Max Martin, another Swedish prodigy (apart from the entity that is ABBA and the now deceased ΛVICII–damn, the Swedes really love to stylize their monikers), has put the success of Taylor Swift’s reputation. behind him to bring us the first single from Ariana Grande’s upcoming fourth album, entitled “No Tears Left to Cry.” An appropriate single after the almost year long hiatus Grande took from the spotlight in the wake of the Manchester Arena bombing that occurred during her Dangerous Woman Tour on May 22, 2017, “No Tears Left to Cry” might, at first glance, seem to be a song promoting apathy, but ultimately espouses the notion that, after a certain point, no matter how severe the PTSD, you must keep going on your merry way.
Like an M. C. Escher drawing come to life, Dave Meyers sets the stage of Grande’s redemption in a multi-dimensional world where edifices will never disappoint her. In many ways, it’s kind of like an architect’s wet dream. Beginning in an ornate hallway, Grande soon starts walking along the ceiling like it ain’t no big deal, an indication that even if the world’s been turned upside down, she’s going to carry on as best as she can, in hair extensions and a ball gown. The next scene takes us to Grande caught amid a tangle of twinkling white lights that she seems content to stay in until a staircase pierces through the upside down cityscape and she’s now blonde and wearing some metallic silver dress that Paris Hilton would have been spotted in circa ’02.
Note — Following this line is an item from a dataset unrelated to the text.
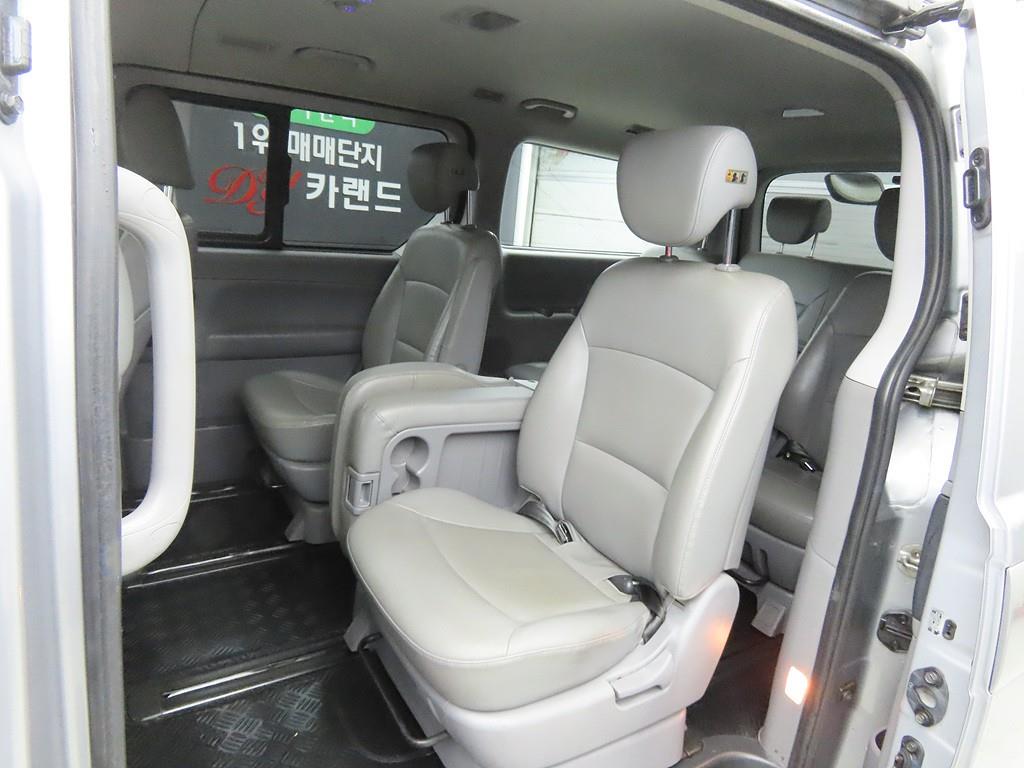 HYUNDAI Starex - Vista 7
As she sings, “Can’t stop now, can’t stop, so shut your mouth/Shut your mouth, and if you don’t know/Then now you know it, babe [yes, Notorious B.I.G. is owed a songwriting credit]/Know it, babe, yeah,” the narrative digresses into a faint rehashing of Singin’ in the Rain, with Grande styled in a white cupcake silhouette dress with polka dots (something only a true waif can make work) and knee-high black stiletto boots. At this juncture, a gaggle of men dressed like Britney Spears in the “Me Against the Music” video proceed to dance with umbrellas on one side of the cubed building as Ariana eventually lets herself fall off of it in ecstasy while declaring, “Right now, I’m in a state of mind/I wanna be in like all the time/Ain’t got no tears left to cry.” And since there are none left within her body to shed, she might as well pick herself up with the suspended in the air staircase provided and explain, “So I’m pickin’ it up, pickin’ it up/I’m lovin’, I’m livin’, I’m pickin’ it up/I’m pickin’ it up, pickin’ it up.” We get it, you’re pickin’ it up. It being your former shell of a body in the aftermath of ghastly trauma.
Meyers then switches to a shot of a prismatic Grande urging you to come with her “on another mentality,” which seems, eventually, to grimly translate into her putting on different faces to simulate the emotion she’s no longer capable of conjuring naturally. For how can you feel anything when to do so in processing such a situation would result in feeling too much?
Among the strewn trio of faces expressing sentiment is a piece of paper with a list of words that reads, “R.E.M.,” “God Is A Woman,” “Successful” and “Borderline.” A frazzled mentality indeed. But it’s one that leads her to some semblance of peace and acceptance by the end, as she tosses a ball to her dog that ends up turning into a bee (much to the dog’s dismay, one imagines), the longtime symbol of Manchester, appearing on the city’s coat of arms since the 1800s as a testament to the ceaselessly toiling nature of its denizens. So, too, does Grande ceaselessly toil toward a road to recovery that she has hopefully helped pave for others suffering, not just from the Manchester attacks, but from life in general.